SAN JOSE, Calif. — The loss of up to 200 jobs at Space Exploration Technologies Corp. is due to firing of “low performer” employees as part of its annual review process, and not layoffs, the company’s president said July 26.

“We did our annual performance review, there were some low performers, and we terminated them,” SpaceX President Gwynne Shotwell said after an appearance on a panel at the NewSpace 2014 conference in San Jose, California. She said she didn’t know how many employees were fired, but noted that in past performance reviews the figure was around 3 percent of the company’s workforce.

“There was an annual review cycle completed recently, along with some rebalancing of resources,” a company spokesman said in a July 25 statement. “Our resulting headcount reduction was less than 5%.”

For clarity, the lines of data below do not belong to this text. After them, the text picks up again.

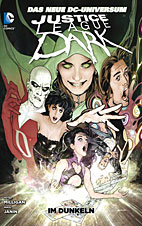 Justice League Dark Sammelband 01: Im Dunkeln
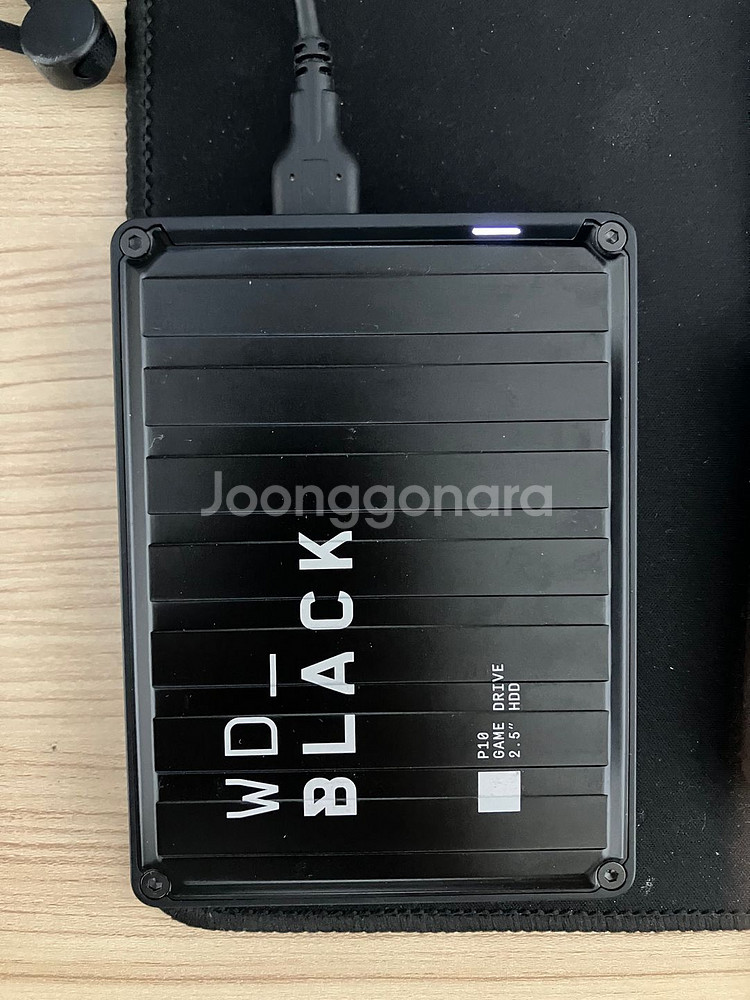 WD P10 외장하드 hdd 5tb--0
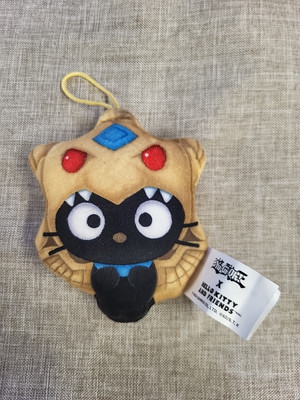 McDonald's Yu Gi Oh x HK & Friends Sanrio (The Winged Dragon of Ra x Chococat)-image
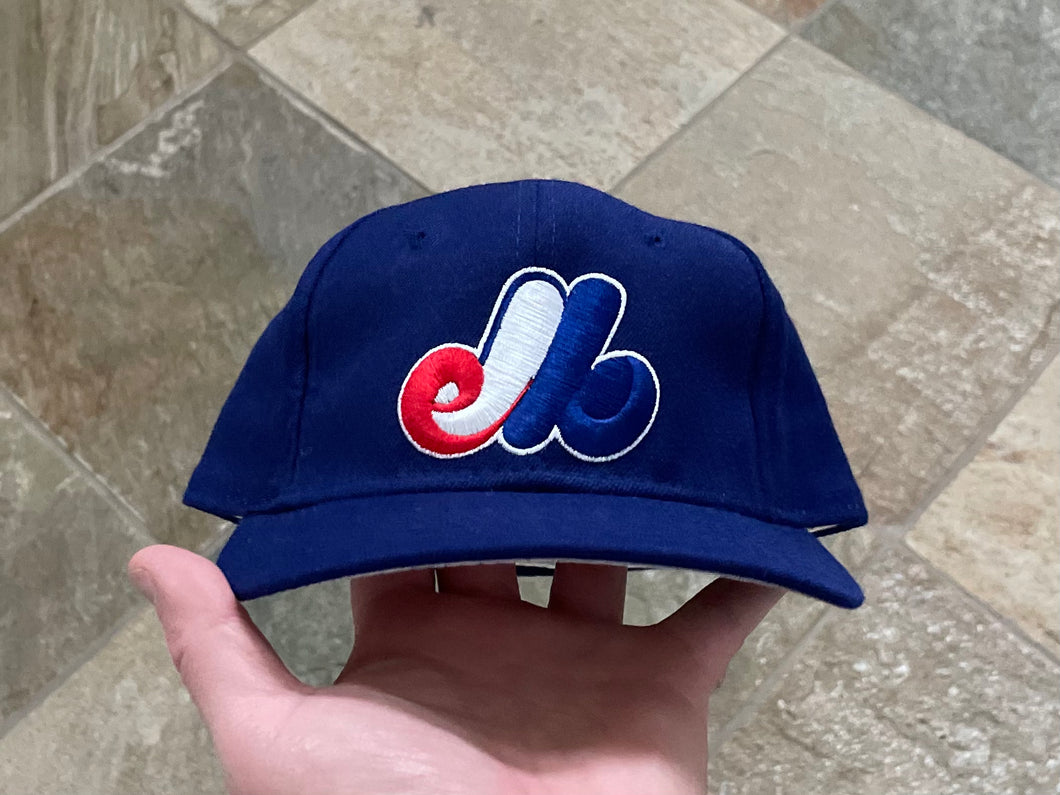 Vintage Montreal Expos Sports Specialties Pro Fitted Baseball Hat, Size 7 1/8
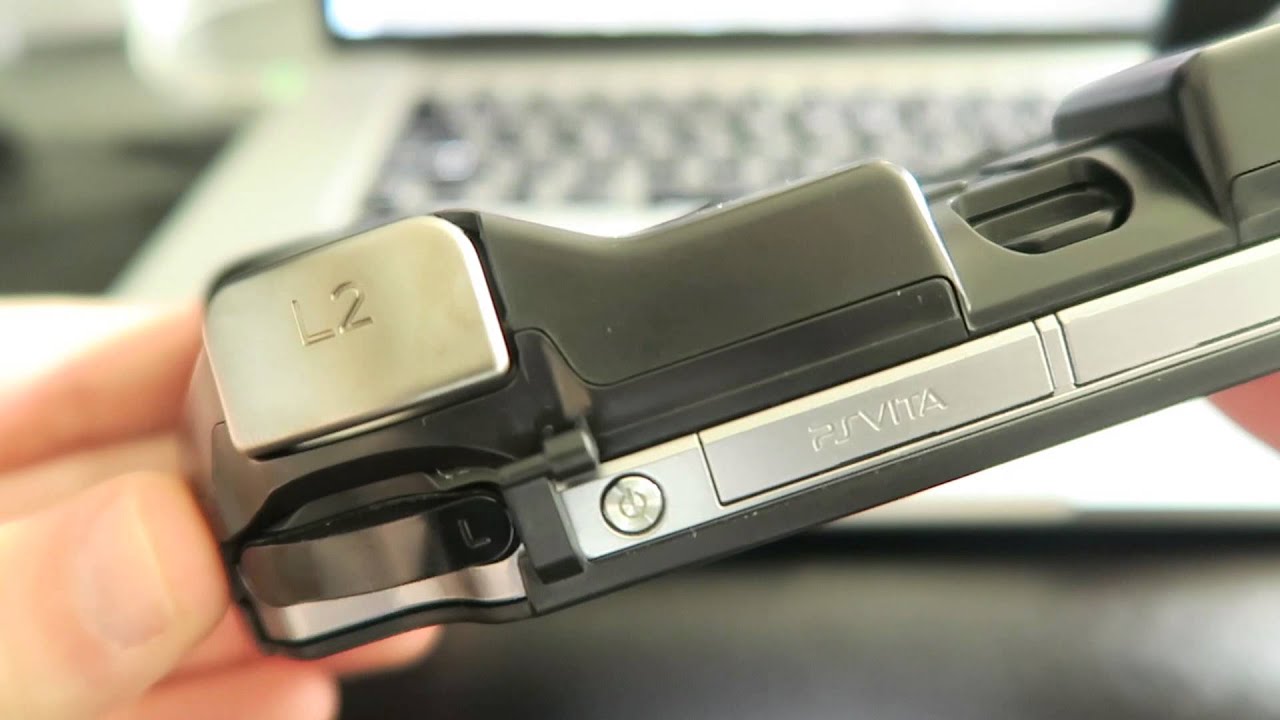 PS Vita - Extra botões R2 - L2 (Grip)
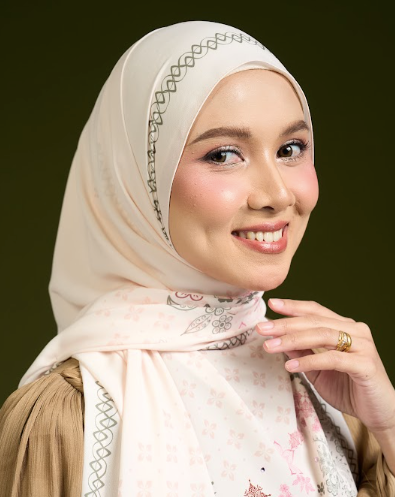 MYZURA IN PEACH FLEUR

According to the SpaceX website, the company has more than 3,000 employees, and in presentations in recent months company officials said SpaceX had close to 4,000 employees. That would put the total number of employees terminated as high as about 200.

A lack of legal filings would support SpaceX’s assertion that the firings were not layoffs. In California, where Worker Adjustment and Retraining Notification (WARN) notices must be issued 60 days in advance of any layoffs of 50 or more employees, the company had not filed such a notice through July 14, according to the state of California’s Economic Development Department website. In Texas, where SpaceX has test facilities, the company had also not filed a WARN notice with the Texas Workforce Commission as of July 23, according to its website. Companies are not required to file WARN notices when they terminate employees for cause.

SpaceX said it “expects to see net positive employee growth in 2014 of approximately 20 percent” despite the recent terminations. As of July 29, the company had more than 350 open positions listed on its website.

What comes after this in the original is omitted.